KUHAP sendiri telah menganut pemisahan tegas antara fungsi penyidikan dan penuntutan.

Namun, melalui revisi ini, kejaksaan justru semakin memperluas cakupan kewenangannya, sehingga berpotensi menjadi “lembaga superbody” yang tidak terkendali.

“Jika revisi ini disahkan, kejaksaan tidak hanya menyaingi KPK dalam kasus korupsi, tetapi juga akan memiliki kuasa yang lebih besar dari kepolisian dalam penyidikan, serta dapat mengintervensi keputusan pengadilan.

Ini sangat berbahaya bagi sistem peradilan kita,” jelasnya.

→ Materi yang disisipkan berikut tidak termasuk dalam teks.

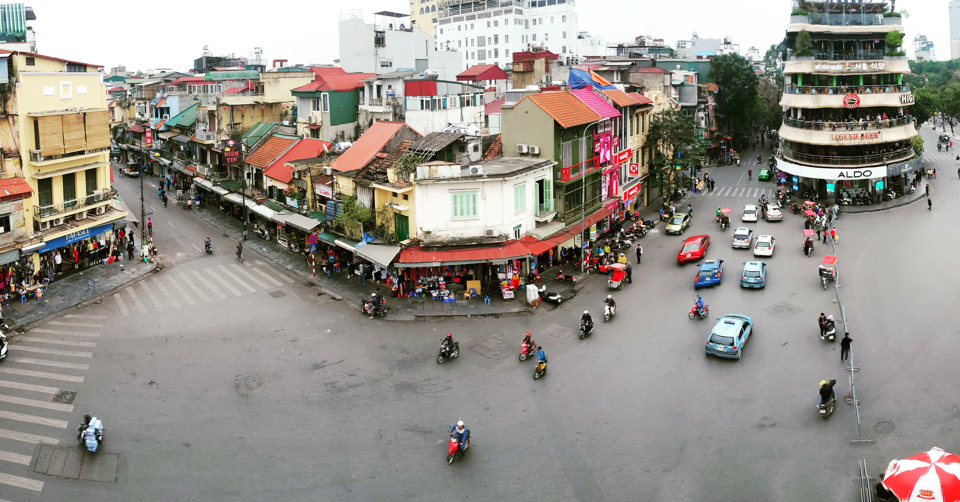 Khu phố cổ Hà Nội là một trong những địa điểm thu hút đông đảo du khách trong và ngoài nước. Ảnh: Phạm Hùng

Gelombang penolakan terhadap asas dominus litis mulai mengemuka di masyarakat.

Hingga sore hari ini, hampir 40 ribu orang telah menandatangani petisi online menolak revisi UU Kejaksaan dan KUHAP.

Haidar Alwi mengingatkan bahwa jika DPR dan pemerintah tidak menyikapi polemik ini dengan bijak, bukan tidak mungkin protes di dunia maya akan berubah menjadi aksi massa di lapangan.

Terlebih jika revisi tersebut disahkan secara diam-diam tanpa melibatkan partisipasi publik, seperti yang terjadi dalam revisi UU KPK dan KUHP pada 2019.

“Seharusnya, revisi ini bertujuan memperkuat transparansi, akses, serta kesetaraan dalam sistem peradilan pidana.

Bukan justru memperbesar otoritas satu lembaga dengan mengorbankan fungsi checks and balances.

Jika ini dibiarkan, penyalahgunaan kekuasaan, praktik korupsi, dan melemahnya kontrol hukum hanya tinggal menunggu waktu,” tutup Haidar Alwi.